Os bondes se foram... restaram vestígios e as boas lembranças
Usuários e ex-trabalhadores deste meio de transporte popular entre as décadas de 1920 e 1960, lamentam a ausência de preocupação com a memória; nenhum bonde foi preservado
[e-s001]São Luís - No dia 8 de julho deste ano, O Estado se deparou com itens de uma história rica e desvalorizada em São Luís. Ao registrar o andamento das obras de reforma do Largo do Carmo, no Centro Histórico, a equipe do periódico registrou a retirada, por engenheiros dos serviços, de trilhos, até ali cobertos pelo asfalto.

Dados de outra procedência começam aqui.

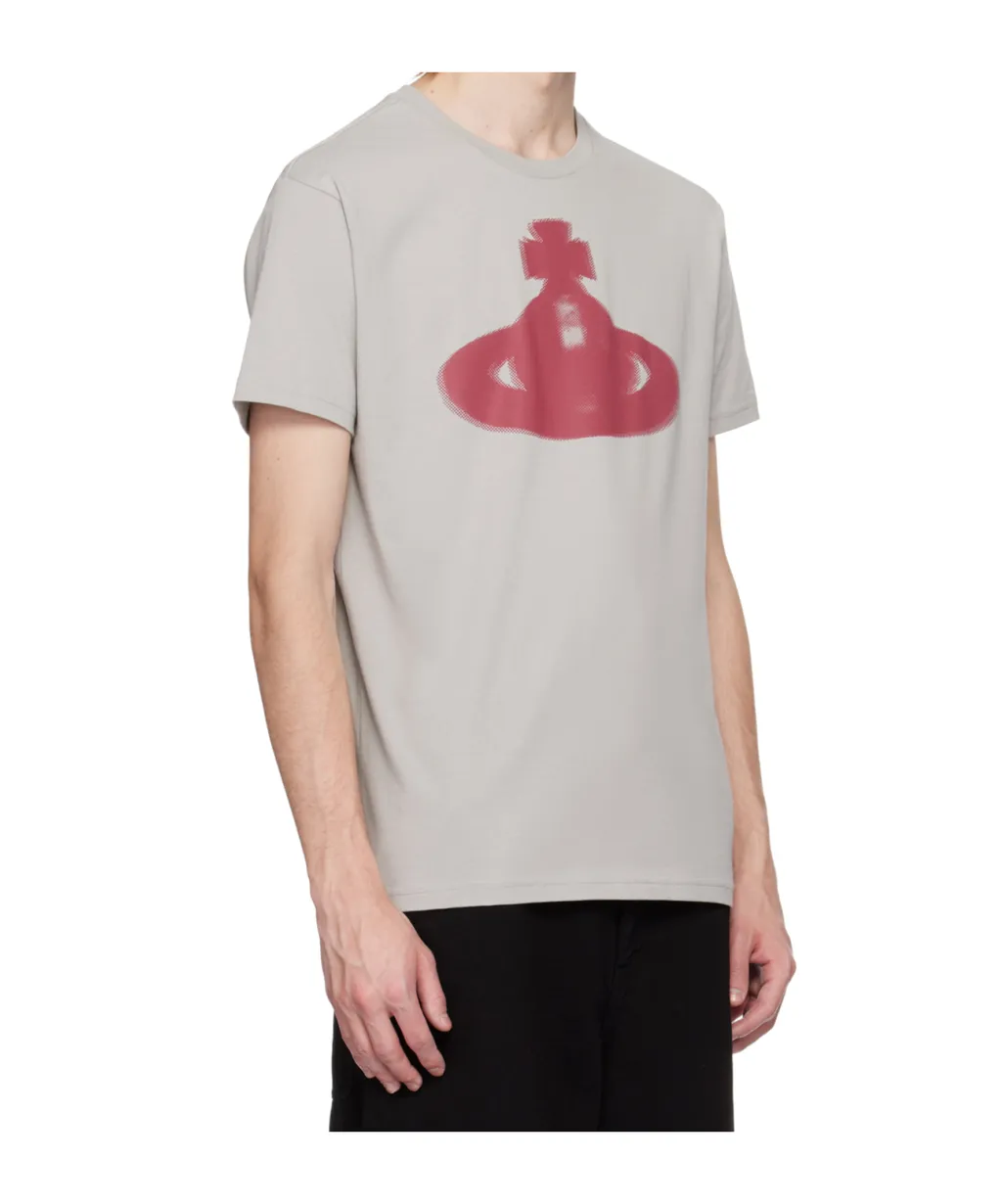 Halftone Orb T-Shirt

As estruturas de ferro obviamente gastas possibilitaram a travessia de um dos veículos mais populares na cidade, em especial, entre as décadas de 1920 e 1960, os bondes. Principalmente os bondes movidos à eletricidade, representam parcialmente um capítulo do processo de modernização a que a capital maranhense foi submetida.

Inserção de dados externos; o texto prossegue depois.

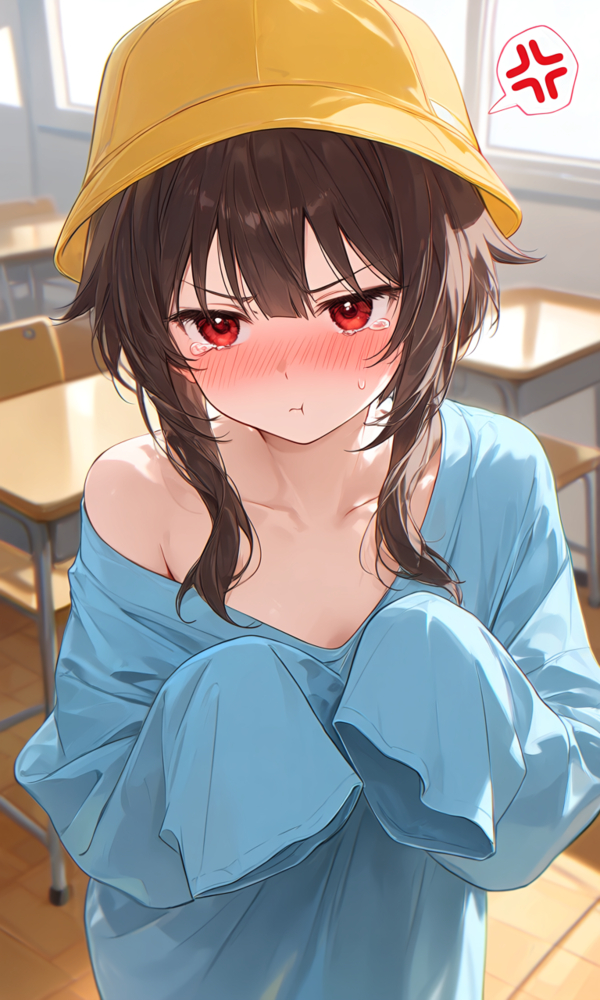 Konosuba hentai 1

Além da ausência de uma política efetiva, que consolidasse o serviço no período como de excelência, fatores particulares levaram ao “sumiço” dos bondes do cenário urbano ludovicense. Nem mesmo as carcaças dos antigos veículos podem ser contempladas e a única alternativa é recorrer às memórias de quem viveu a época áurea do serviço na cidade.
Para entender a importância dos bondes em determinado contexto histórico, é preciso voltar no tempo. Além de registrar a inclusão do serviço na cidade, é fundamental ouvir ex-funcionários e parentes de pessoas que dedicaram suas vidas a manutenção e oferta do transporte no eixo central da Grande Ilha.
De acordo com a obra intrigante e completa da professora Maria de Lourdes Lauande Lacroix, intitulada “São Luís do Maranhão: Corpo e Alma” – com base em pesquisas de autores como César Augusto Marques e tantos outros - no início do século XX, três linhas férreas partiam do antigo “Largo do Palácio” até o Cutim (Anil). À época, os veículos eram movidos a tração animal. Antes do período dos bondes elétricos, de acordo com o professor Luís Phelipe Andrès, em 1868, foi criado o primeiro sistema de transporte coletivo das regiões Norte e Nordeste do país. Eram os chamados “bondes de tração animal”.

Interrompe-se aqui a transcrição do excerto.